The music and original score for the short films is composed by Sean Roldan, Goutham Vasu Venkatesan, Karthikeya Murthy, Kaber Vasuki and Pradeep Kumar. G. V. Prakash Kumar who worked on its predecessor, scored music for the title track of the film. It was released on 10 January 2022, with a promotional music video being uploaded to YouTube. The soundtrack album consisting of six tracks were released on the same day. It featured lyrics written by Kaber Vasuki, Halitha Shameem, Balaji Mohan and Sabarivasan Shanmugam.

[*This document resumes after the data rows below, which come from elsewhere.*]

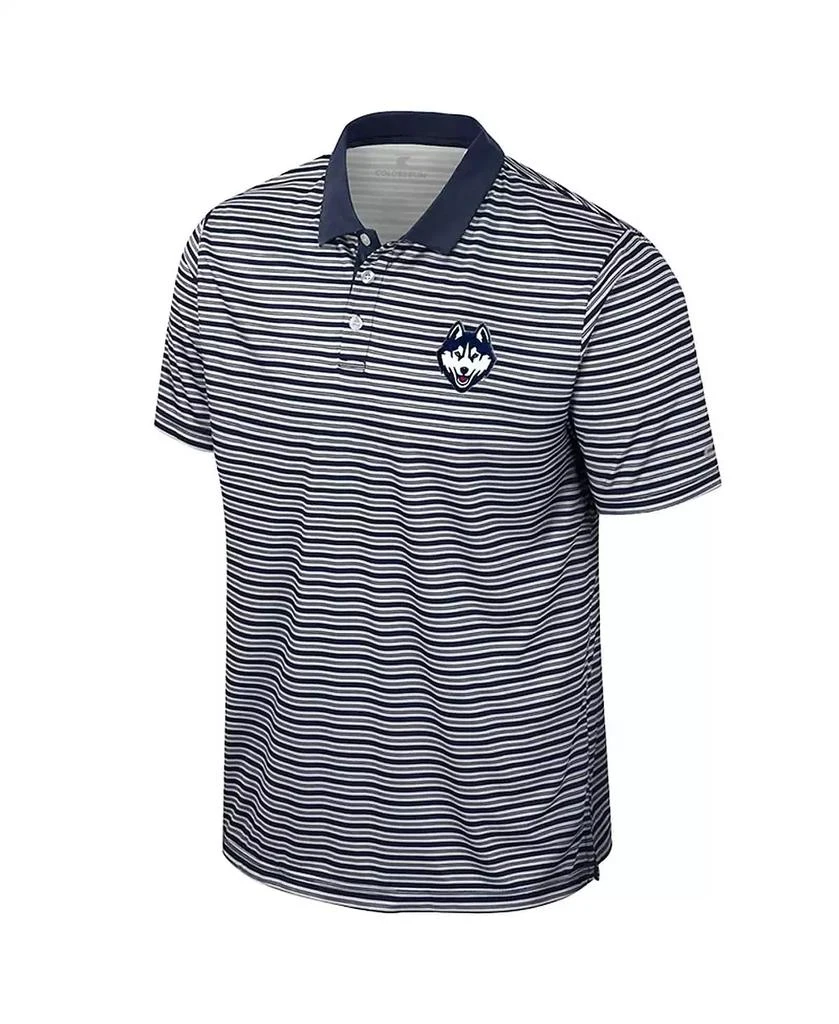 Colosseum Men's Navy UConn Huskies Striped Polo Shirt 2
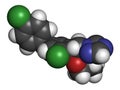 Difenoconazole fungicide molecule. 3D rendering. Atoms are represented as spheres with conventional color coding: hydrogen white.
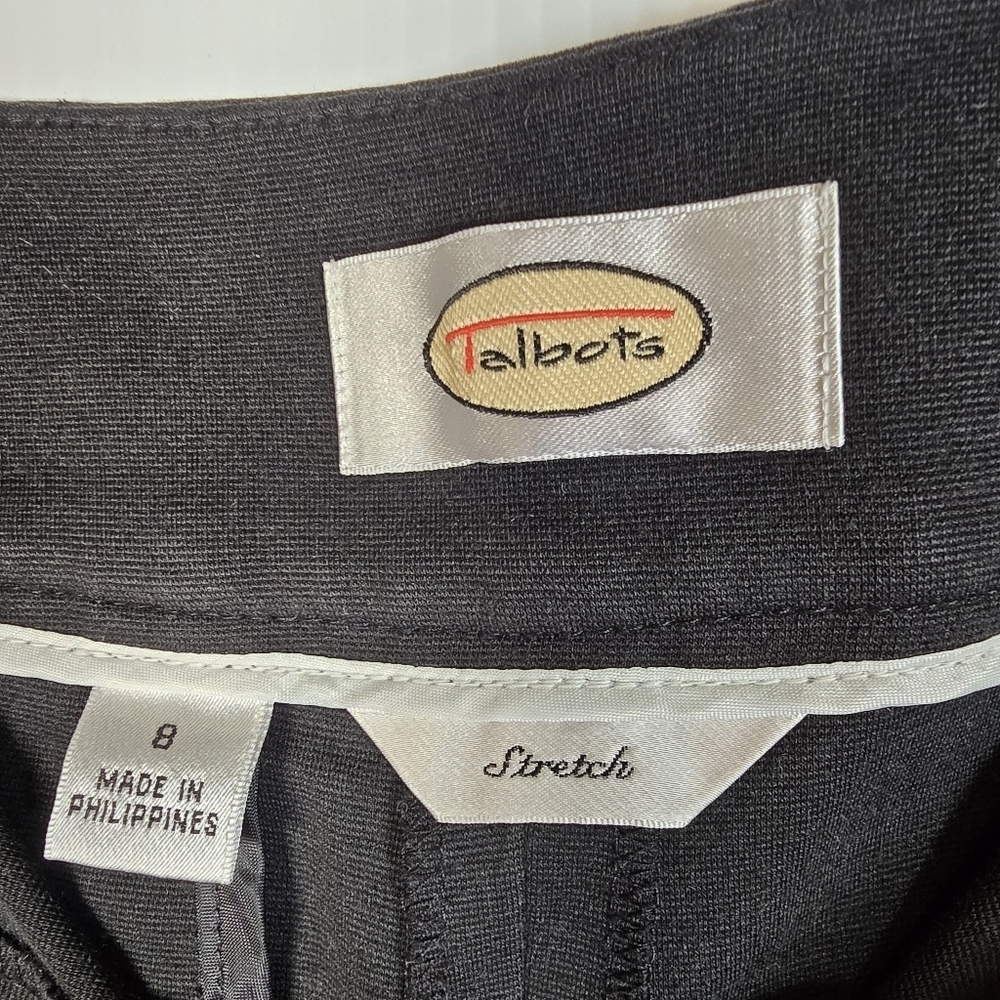Talbots Women's Black Ponte Knit Stretchy Wide Leg Dress Pant Size 8 Trousers - Picture 7 of 11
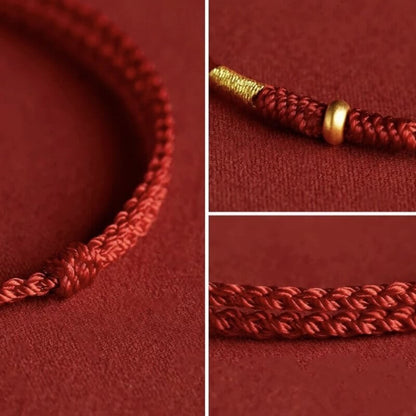 LuckyCharms Gold Luck Bead Red String Braided Rope Bracelet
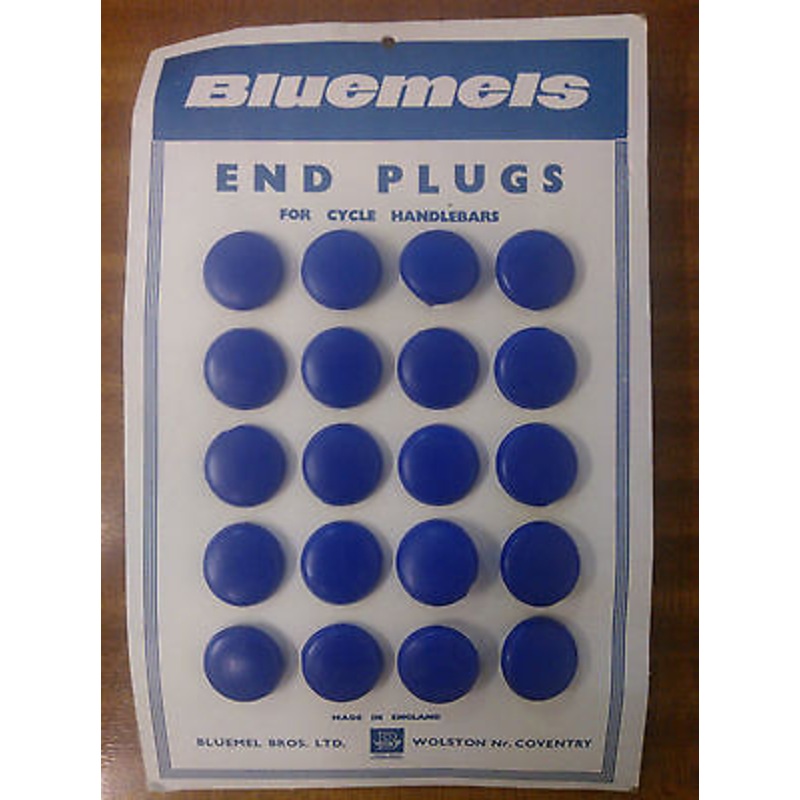 PAIR BLUEMELS NOSTALGIC MUSEUM 60s 70s 80s RACER HANDLEBAR PLUGS DK BLUE NOS
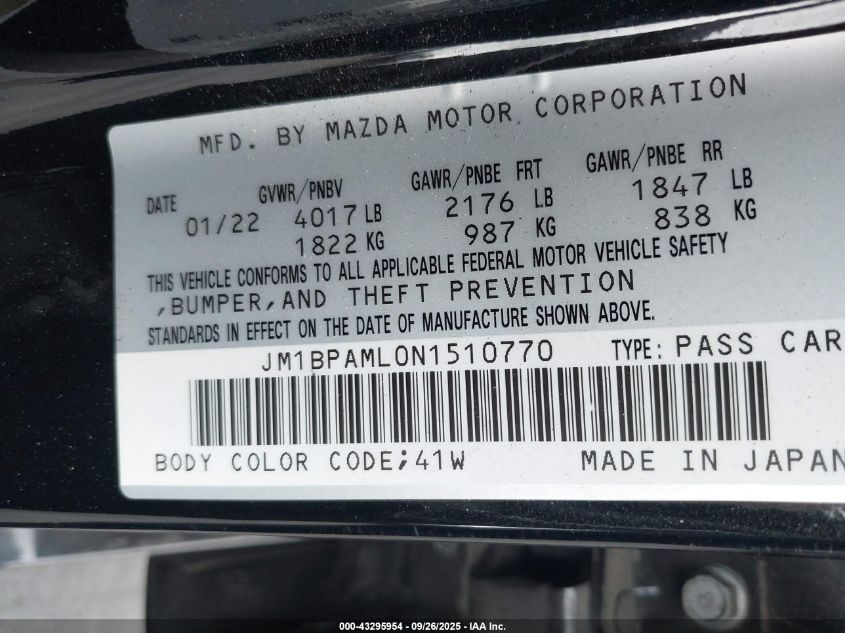 2022 Mazda Mazda3 Premium VIN: JM1BPAML0N1510770 Lot: 43295954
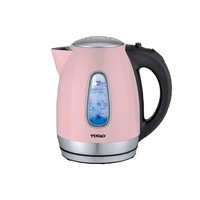 TODO 1.7L STAINLESS STEEL CORDLESS KETTLE 2200W BLUE LED LIGHT ELECTRIC WATER JUG PINK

The New Indian Express stated that "the album brings out the essence of the anthology of five heartwarming and buoyant stories". A cover version of the title track was performed by the students of IIT Madras, during the annual cultural festival Saarang. Their rendition was individually released on 12 January.

Track listing
| No. | Title | Lyrics | Music | Singer(s) | Length |
|---|---|---|---|---|---|
| 1. | "Putham Pudhu Kaalai Vidiyaadhaa – Title Track" | Kaber Vasuki | G. V. Prakash Kumar | G. V. Prakash Kumar, Yamini Ghantasala | 3:10 |
| 2. | "Mugamoodi" | Kaber Vasuki | Kaber Vasuki | Kaber Vasuki | 4:30 |
| 3. | "Kitta Varudhu" | Balaji Mohan | Sean Roldan | Sean Roldan | 2:28 |
| 4. | "Whistler" | Sabarivasan Shanmugam | Karthikeya Murthy | Karthikeya Murthy | 2:30 |
| 5. | "Nizhal Tharum Idham" | Kaber Vasuki | Pradeep Kumar | Pradeep Kumar | 3:35 |
| 6. | "Thanimai Ennum" | Halitha Shameem | Goutham Vasu Venkatesan | Goutham Vasu Venkatesan, Amritha Susanthika | 2:52 |
| Total length: |  |  |  |  | 19:07 |

== Release ==
Putham Pudhu Kaalai Vidiyaadhaa premiered through the streaming platform Amazon Prime Video, on the occasion of Pongal festival (14 January) 2022.